Foi uma longa e bela reunião… em Inglês.

Limitei-me a mostrar meus trabalhos, a rosnar alguns pontos da minha curta carreira e a responder laconicamente, sem saber exatamente o quê e o porquê o Gary estava me perguntando tanta coisa que eu não entendia direito.

O Gary dizia “powqopgmapoitbm~ç?, 8lNÇC?”. Pelo menos era isso que eu entendia.
Eu respondia, na intuição:“well, maybe”.

O Gary de novo: “wuceg,m (;;% $$$) pfghk… or not?”
E eu: “yes, of course”.

E assim foram perguntas e respostas, tudo no chute e na intuição, Papai-do-Céu me soprando no ouvido, na base de expressões lacônicas, sem muita chance pra papo: “for sure”, “good enough”, “thank you”.

Meus colegas da McCann, torcendo pra minha volta à agência, depois me perguntaram como tinha sido a entrevista, se o Gary havia gostado, se ele havia me dado alguma resposta, qual a expectativa e próximos passos, se falamos de grana, qual o salário.

Eu não sabia responder, porque não tinha entendido porra nenhuma de nada.

Semanas depois fui chamado pra uma nova reunião com o Gary.

Thanks God, dessa vez estava na sala a Mônica, secretária do Gary, que serviu de tradutora, de ponta a ponta durante a reunião. A Moniquinha foi uma santa, uma baby-sitter pra mim. Anjo da guarda.

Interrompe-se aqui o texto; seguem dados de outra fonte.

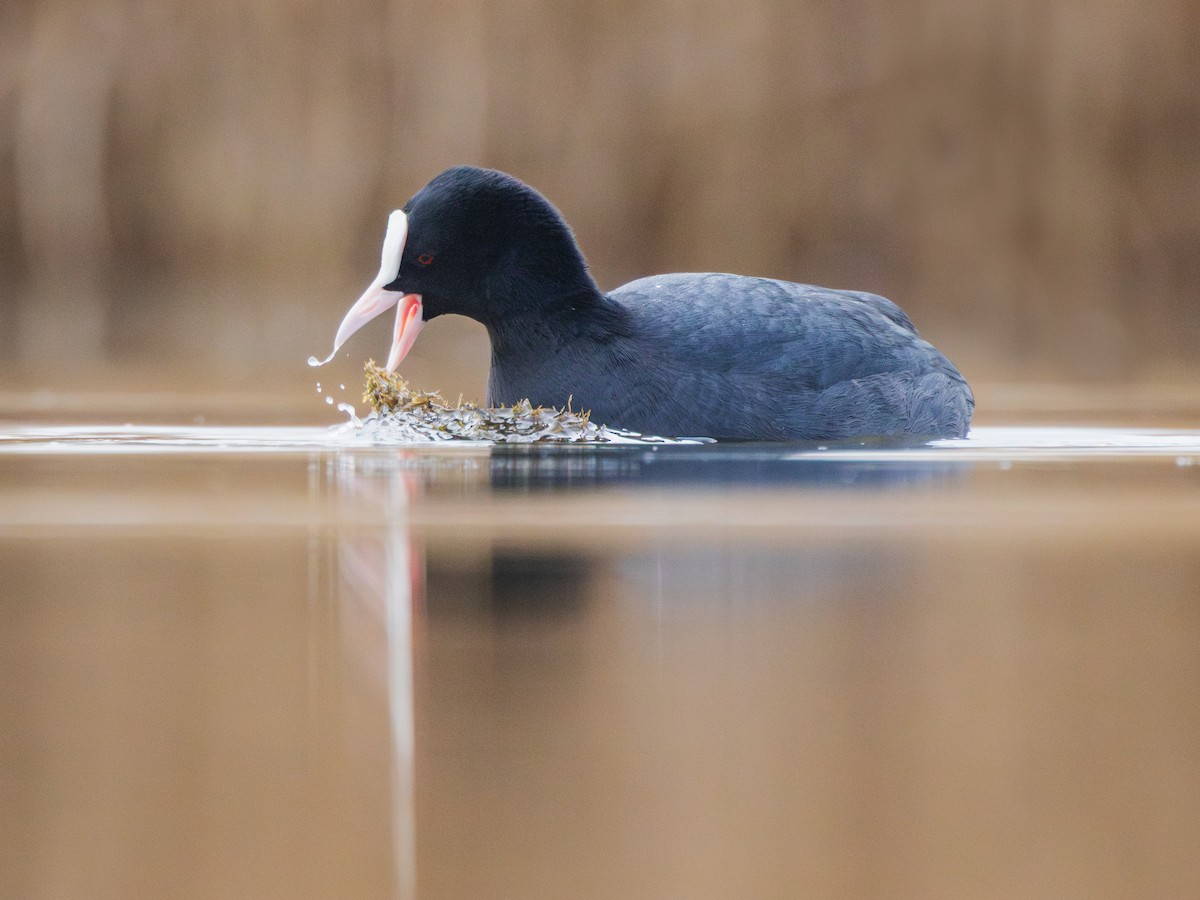 Eurasian Coot - ML631403430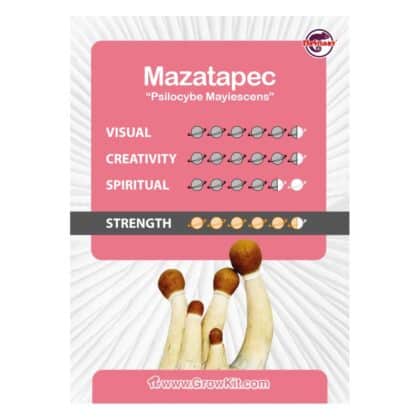 Mazatapec KIt-kaart laten groeien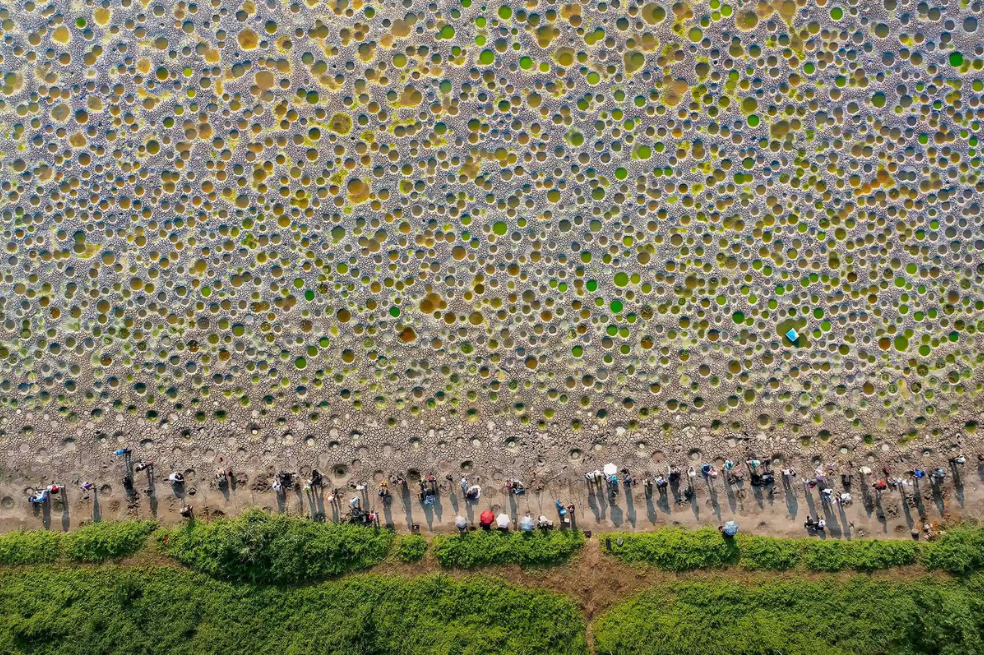 Categoría agua dulce:
En esta imagen se ven los agujeros cavados por los peces para el desove después de que el estanque se secó en Tai Sang Wai, Hong Kong. El autor es Jeanny Tang.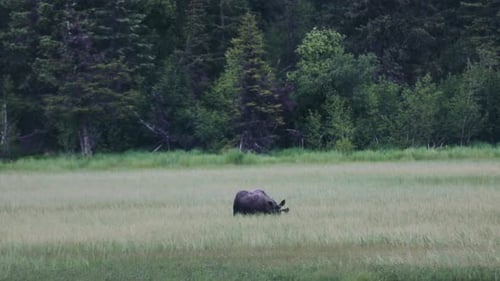 Alaskan Moose Walking And Grazing In The Grassland Of Anchorage, Alaska. - wide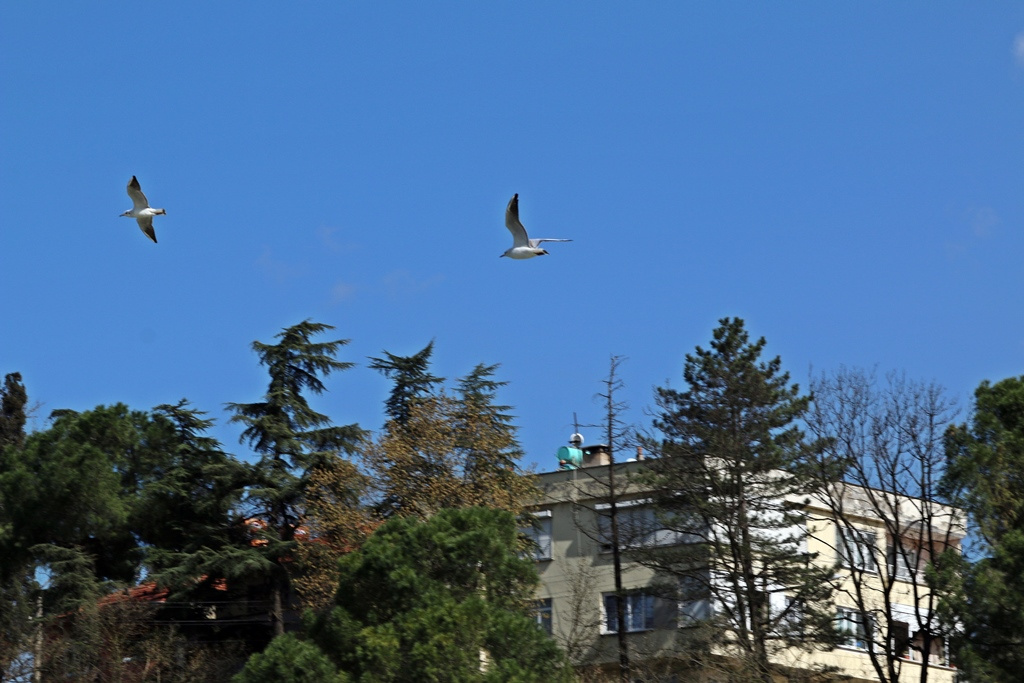 Martı Takibi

Só pela presença da Moniquinha, já pressenti que eu havia dançado. Mas não. Entre vários candidatos, o Gary havia me escolhido.

A Mônica me traduziu: “Ele gostou do seu trabalho, do seu pensamento e da sua atitude confiante, sua cara de pau de enfrentar uma entrevista em Inglês, mesmo sem falar a língua, o que ele percebeu nos primeiros minutos da conversa.

O Gary propõe um salário de tantos cruzeiros, já que você não entendeu a oferta na primeira entrevista” (era mais do que o dobro do que eu recebia na Pentágono).

“O Gary impõe uma condição…”, enfatizou a Mônica: “… que você ensine Português pra ele e que você aprenda Inglês com ele, pra poderem trabalhar juntos.”

Não sei como o Gary conseguiu avaliar meu pensamento, meus conceitos, minha atitude, minha determinação, se eu não falei nada, coisa com coisa. Mas ele sacou e o meu trabalho falou por si.

Claro que concordei com a oferta e fomos bons alunos. Gary e eu aprendemos rápida e fluentemente a língua um do outro. Nos tornamos bons amigos e assumi o lugar dele uns cinco anos depois, quando ele voltou para os EUA.

Corta, longa passagem de tempo.

Uns 20 anos depois , por volta de 2000 e pouco, eu já era diretor de criação pra América Latina e Caribe (a parte que eu mais gostava, pelas viagens). Coordenei um workshop para o lançamento latino-americano do Chevrolet Blazer, no Guarujá.

Recrutei no sistema McCann 6 duplas de criação de diferentes países e culturas, que trabalhariam sob meu comando durante uns 10 dias.

Na dupla de Detroit, lá estava o mesmo Gary Spedoske, agora velhinho. Feliz da vida por voltar a sua origem de redator, por voltar ao Brasil e por me rever.

Na abertura do workshop contei a todos nossa história, o quanto o Gary havia sido importante pra mim e pra minha carreira. E convidei o Gary pra liderar e coordenar o workshop comigo.

Foi ótimo! Fizemos dupla de novo. Oh, yes!

Pelo que fiquei sabendo por vias tortas, que não consegui confirmar até agora, o Gary morreu em 2015. Mas continua vivo na minha gratidão e no Blog do Perci.